What if I reset the stream ID? The SPDY spec says:
It is illegal for the stream-id to not increase with each new stream. If an endpoint receives a SYN_STREAM with a stream id which is less than any previously received SYN_STREAM, it MUST issue a session error (Section 2.4.1) with the status PROTOCOL_ERROR.
A session error will drop the entire SPDY session. The client would have to re-try the request on a new stream.

I suppose that if that only happens to 1 in a billion requests it is not a huge inconvenience. But will Chrome automatically re-try or is additional coding required?

In the PushStream class, I reset the streamID after pushing out a stream ID of 6:
  if (streamID > 5)
streamID = 0;
That should reset the stream ID in between push streams on the same request. I reload the test app three times, then check the SPDY tab in about:net-internals:
t=1308195089291 [st= 11]     SPDY_SESSION_PUSHED_SYN_STREAM  
--> associated_stream = 1
--> flags = 2
--> status: 200
url: https://localhost:8082/style.css
version: http/1.1
--> id = 6
...

t=1308195089292 [st= 12] SPDY_SESSION_PUSHED_SYN_STREAM
--> associated_stream = 1
--> flags = 2
--> status: 200
url: https://localhost:8082/spdy.jpg
version: http/1.1
--> id = 2

...

t=1308195089350 [st= 70] SPDY_STREAM_ADOPTED_PUSH_STREAM
Well, that is not right. I very clearly violated the spec by sending a stream with ID of 6 followed by a stream with a lower ID. And yet, the stream was adopted as if no problem occurred. What's more, the client never made a request for the pushed data.

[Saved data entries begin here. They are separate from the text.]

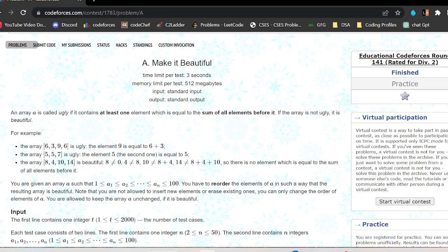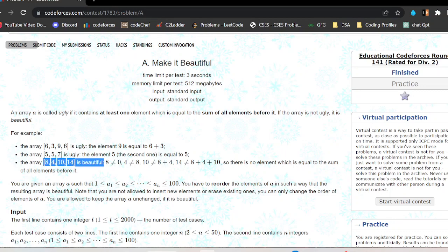Now take this array. Before this position, the sum of all elements is eight. Before the next position, the sum is eight plus four, which is twelve, and the next element is ten — different. Then the sum of three elements is eight plus four plus ten, which is twenty-two, and the next element is fourteen — also different. So this array is not ugly; it is beautiful.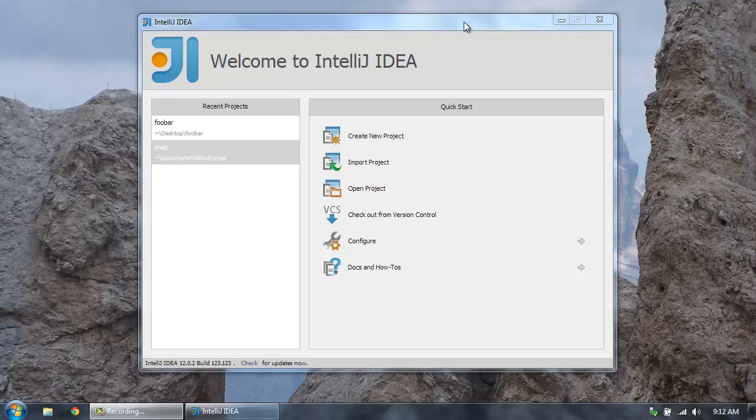So IntelliJ recently released a new plugin for Play Framework. And so I wanted to give you a quick preview of how you can create new Play applications in IntelliJ with this new plugin and run them.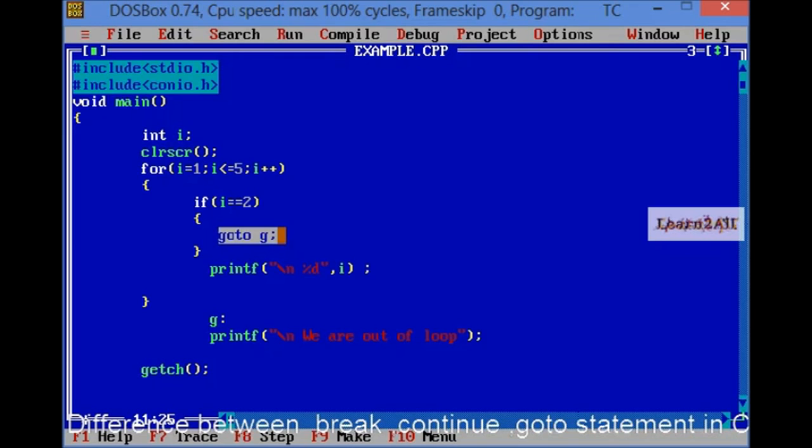If I will use here goto G, that means it will print only 1. And then, out of message, we are out of loop. It will be the difference.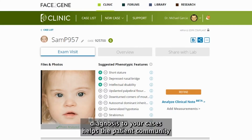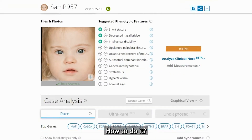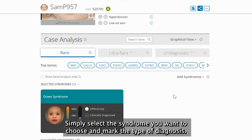Assigning a diagnosis to your cases helps the patient community worldwide to benefit from your experience today in the clinic. How to do it? Simply select the syndrome you want to choose and mark the type of diagnosis.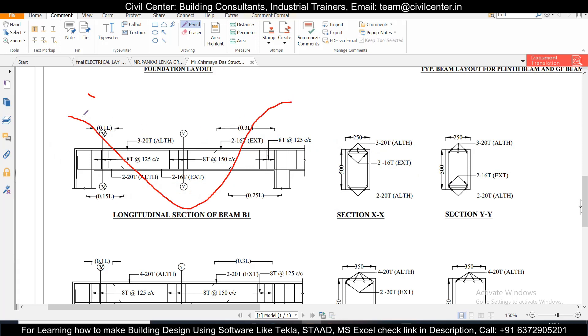We are not going into the values here, but as you can see the maximum value for the tension is at the center and in the compression zone the maximum value is near the ends.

Regardless of whether or not Chrome will automatically re-try a request after a SPDY session was terminated, this global sessionID is not the right solution. The streamID should start at 2 for each different client connected to the server.

It is easy enough to start with a stream ID of 2 for each new connection, but how can I increment the stream ID on subsequent requests? I do not think this is possible.

Consider Bob requests the homepage from behind a NAT. Behind the same NAT, Alice accesses a paywall section of the same site. Both requests push different resources back to the client. Then Bob tries to access the same paywall content.

In this case, the SPDY server should increment Bob's push stream ID, but how can it associate Bob's paywall request with his initial access to know his next stream ID? The request will only contain information such as:

t=1308195058479 [st= 1] SPDY_SESSION_SYN_STREAM
--> flags = 1
--> accept: text/html,application/xhtml+xml,application/xml;q=0.9,*/*;q=0.8
accept-charset: ISO-8859-1,utf-8;q=0.7,*;q=0.3
accept-encoding: gzip,deflate,sdch
accept-language: en-US,en;q=0.8
cache-control: max-age=0
host: localhost:8082
method: GET
scheme: https
url: /paywall/
user-agent: Mozilla/5.0 (X11; Linux x86_64) AppleWebKit/535.1 (KHTML, like Gecko) Chrome/13.0.782.13 Safari/535.1
version: HTTP/1.1
--> id = 131
Nothing can uniquely identify Bob's session as the one that started with his homepage access. If the server attempts to to tie access by IP address, then it can easily get confused by Alice's access from behind the same network.